* Work order
What you return must match the listing below exactly, minus any pictures.

* Material for the task
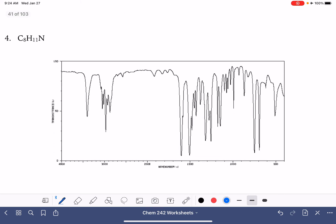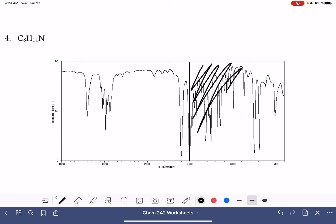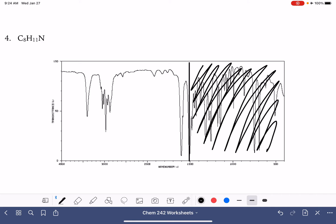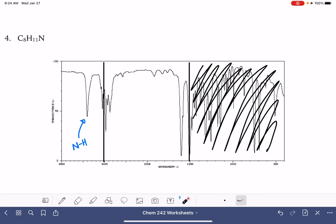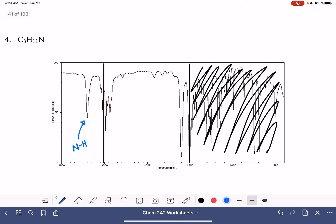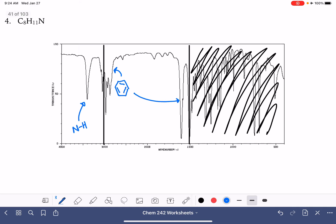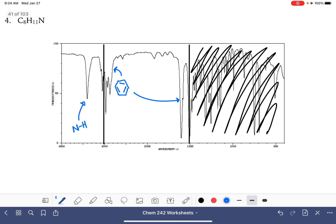Here's our next example: C8H11N. Since I know I have a nitrogen in the molecule, I need to be looking for the NH peaks. It looks like I have one NH peak, which means my molecule just has one NH bond. This funny-looking carbon-hydrogen area tells me there's a benzene ring, and the benzene ring has carbon-carbon double bonds — there are those two peaks. That's all I'm seeing in terms of functional groups.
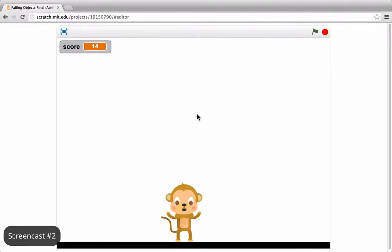If you've made it to the screencast, you have chosen to create a Falling Objects game. This game will use many of the concepts you learned over the past six club sessions.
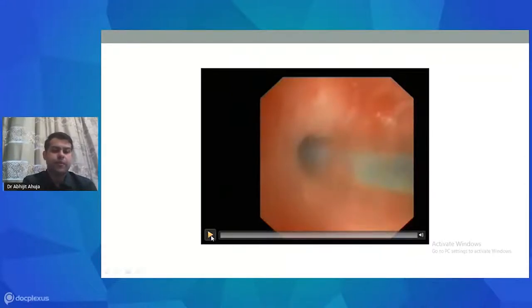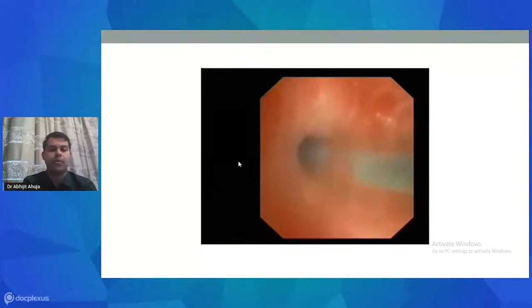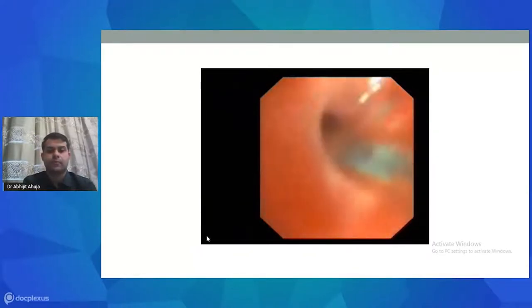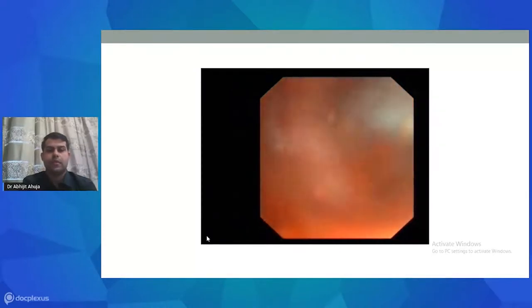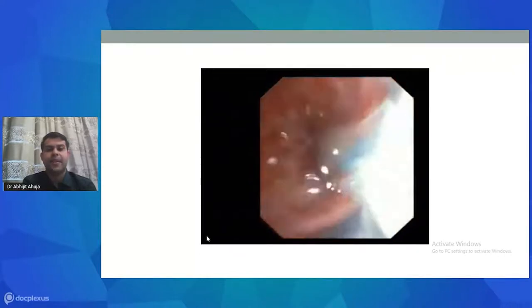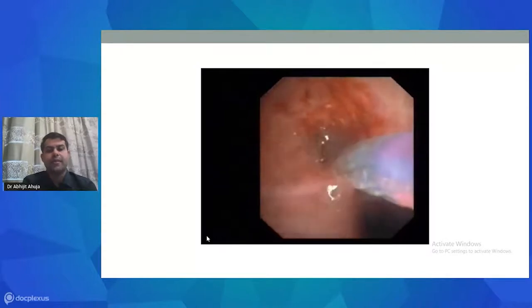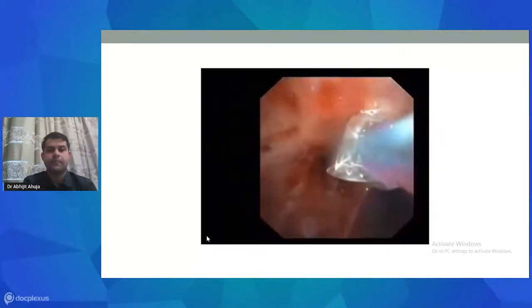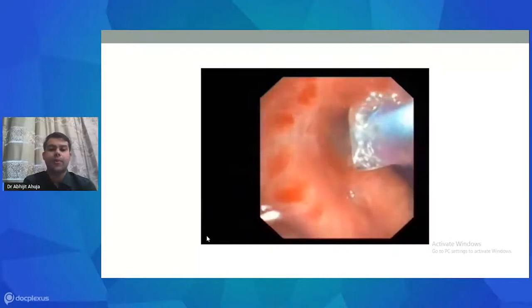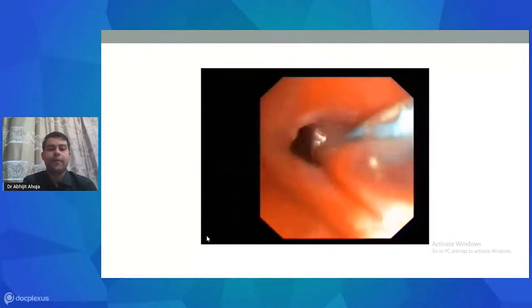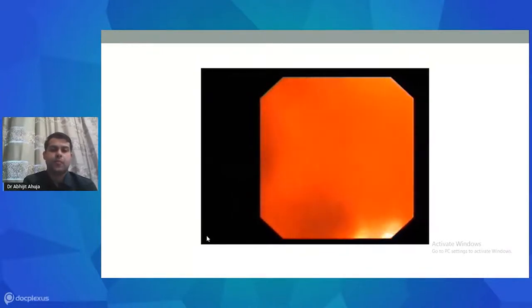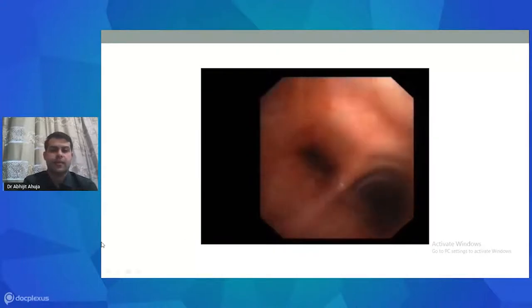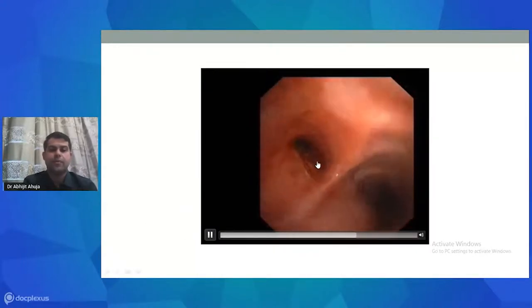Here is a video demonstrating balloon dilators being passed through the stenotic segment. The entire balloon has been advanced through the stenotic segment of the left main bronchus, which is clearly stenosed, with saline instilled into the airway. The balloon has been inflated and held for approximately 30 seconds to one minute, after which it is gently withdrawn. The dilatation achieved is visible to a suitable degree.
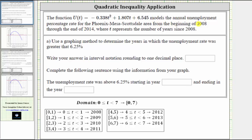The quadratic function U of T models the annual unemployment percentage rate for the Phoenix, Mesa, Scottsdale area from the beginning of 2008 through the end of 2014, where T represents the number of years since 2008. Because this model is only good from the beginning of 2008 through the end of 2014, the possible values of T are only when T is greater than or equal to zero and less than seven. When T equals zero, that's the beginning of 2008. If T were equal to seven, that would be 2008 plus seven, or the beginning of 2015, which does not apply for this model — that's why we don't include seven in the domain.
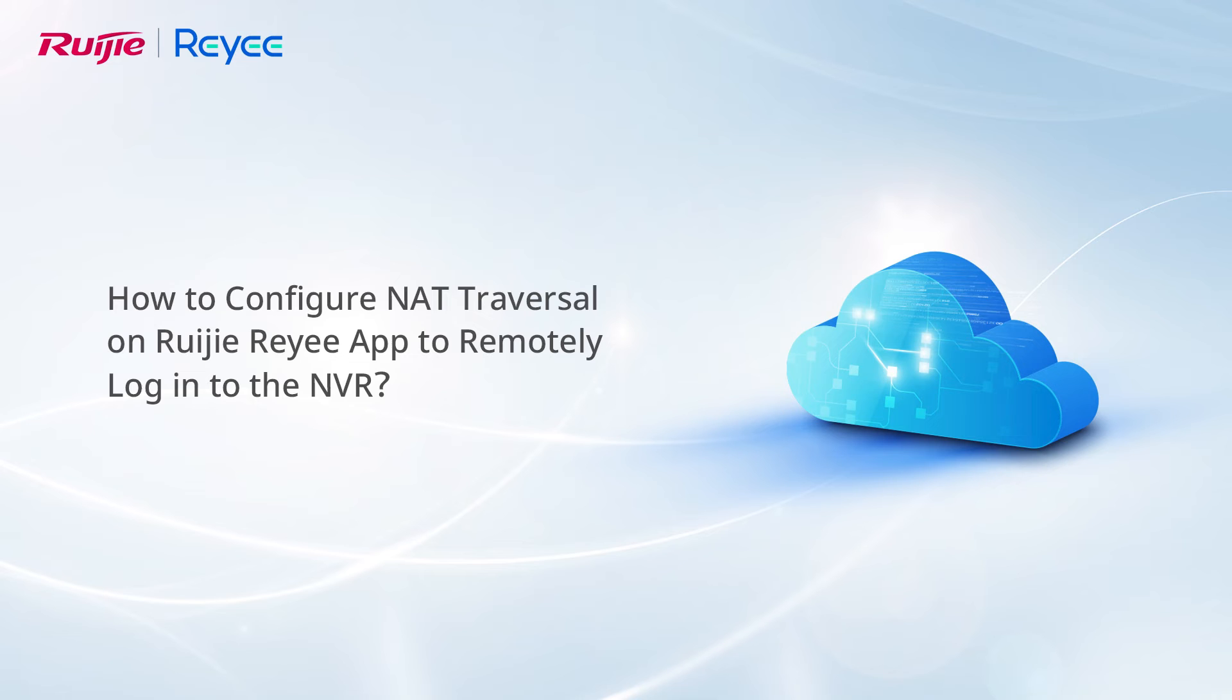This video introduces how to configure NAT traversal on Ruijie Reyee app to remotely log in to the NVR.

* Response to this task
Here's our next example: C8H11N. Since I know I have a nitrogen in the molecule, I need to be looking for the NH peaks. It looks like I have one NH peak, which means my molecule just has one NH bond. This funny-looking carbon-hydrogen area tells me there's a benzene ring, and the benzene ring has carbon-carbon double bonds — there are those two peaks. That's all I'm seeing in terms of functional groups.
If you've made it to the screencast, you have chosen to create a Falling Objects game. This game will use many of the concepts you learned over the past six club sessions.
Here is a video demonstrating balloon dilators being passed through the stenotic segment. The entire balloon has been advanced through the stenotic segment of the left main bronchus, which is clearly stenosed, with saline instilled into the airway. The balloon has been inflated and held for approximately 30 seconds to one minute, after which it is gently withdrawn. The dilatation achieved is visible to a suitable degree.
The quadratic function U of T models the annual unemployment percentage rate for the Phoenix, Mesa, Scottsdale area from the beginning of 2008 through the end of 2014, where T represents the number of years since 2008. Because this model is only good from the beginning of 2008 through the end of 2014, the possible values of T are only when T is greater than or equal to zero and less than seven. When T equals zero, that's the beginning of 2008. If T were equal to seven, that would be 2008 plus seven, or the beginning of 2015, which does not apply for this model — that's why we don't include seven in the domain.
This video introduces how to configure NAT traversal on Ruijie Reyee app to remotely log in to the NVR.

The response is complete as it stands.